I tend to like to make shooting boards in pairs; it’s not much additional work to make two at once, and having bench appliances in pairs occasionally has some advantages. More on that later. So the first task was to gather my materials; basically whatever I happened to have handy that might be suitable. I came up with a couple of pieces of 18mm Far Eastern ply about 29” x 8 1/8” for the base boards, a sheet of 9mm ply that would lend itself to being cut into three for the upper boards (two, plus a spare), and the remains of the almost-famous Board From H*** to make the stops. I tend to use pretty thin stuff for the upper board if I can get way with it, but if you go for 9mm and above you should be fine. 12mm is popular I think, but I didn’t have any… Sheet goods don’t look lovely, but they’re stable. Dimensions aren’t critical and I just chose the thickest bit of scrap from the off cuts box that was ready squared up. Yeah, so ideally you want it taller than the width of the plane, or at least taller than the thickest stuff you’re liable to want to shoot, but if it’s too tall then it’s harder to hold thinner stuff firmly, and you want the whole board long enough for every eventuality, but not so long it‘ll be unwieldy, and… Believe me, it’s really easy to spend so much time trying to decide the perfect dimensions that you never make the board at all - I know, ’cos I did just that for years.  Don’t make your board too heavy, or you’ll never use it because it’s just too much of a pain to get out of it’s storage place, but other than that try what you like. It doesn’t take long to make another. The end product will go together something like this:





The base board pretty much dictated the overall size I’d end up with; a 2 ¼“ ledge for the plane to run on it’s side looked about right, so I cut the upper boards to width accordingly - 5 7/8“ as it turned out. With the length turning out at about 27” it’d work out just about right for shooting the _edges_ of smaller stuff and the _ends_ of practically anything. The second board would take care of mitres. By now the bizarre dimensions I’m using should have hammered home the fact that exact measurements simply aren’t important. A lot of these were based on the well-known rule of “that looks about right”. Rocket science it is not. I straightened up one edge of the upper boards which would end up as the guiding edge for the sole of the plane, then bevelled off the bottom edge. This is to give somewhere for the dust and debris of shooting to go to, rather than muck up the smooth flow of plane against straight edge. Needless to say I wasn’t going to foul up a good plane on the rather nasty pre-used ply:





Just as an experiment I decided not to glue my boards together, but just use screws from the back. Dunno why, just fancied to. It’s not rocket science, remember? :wink:





Starting to look like the real deal. Now we need the stops.

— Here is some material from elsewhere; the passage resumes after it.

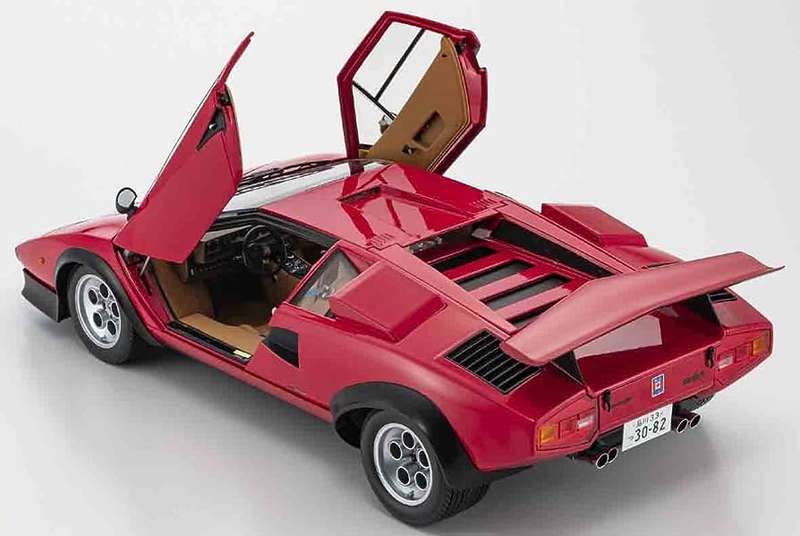 LAMBORGHINI COUNTACH WALTER WOLF RED  1/12, DIECAST COLLECTABLES
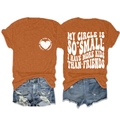 Vue avant et arrière du t-shirt orange imprimé cœur et de l'ensemble short en jean usé - Orange Brûlé (Imprimé Blanc)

Well making the stops is simply a case of finding a bit of squared off stock and fixing it to the board. In the case of the 90° board it worked out at 2 ¼” wide and 1 1/8” thick. Don’t forget to chisel off the far corner of the 90° stop so it won’t break out untidily. 





Length was left oversize to be trimmed back when finally fixed in place. I screwed it on from the back, but it’d be easier to screw down from the top really. Maybe I was feeling posh that day? Bolt it; screw it; glue it; bolt, screw _and_ glue it, whatever takes your fancy. :wink: Traditionally a housing with one tapered side was used, but that’s only really worth doing if you’re making your board in solid wood. In ply and other sheet goods it’s not really feasible. All that’s important is the face side of the stop is 90° to that guiding edge. Using a larger square to judge this is advisable...





The mitre stop is another “that looks about right” job in size. If it helps the straight edge that the plane runs against worked out at around 2” long. The mitres were cut on the SCMS, but use your method of choice. Try to get spot on 45° ‘cos it makes life easier, but as long as they’re not _too_ far off and the two angles add up to 90° you’ve got a workable situation.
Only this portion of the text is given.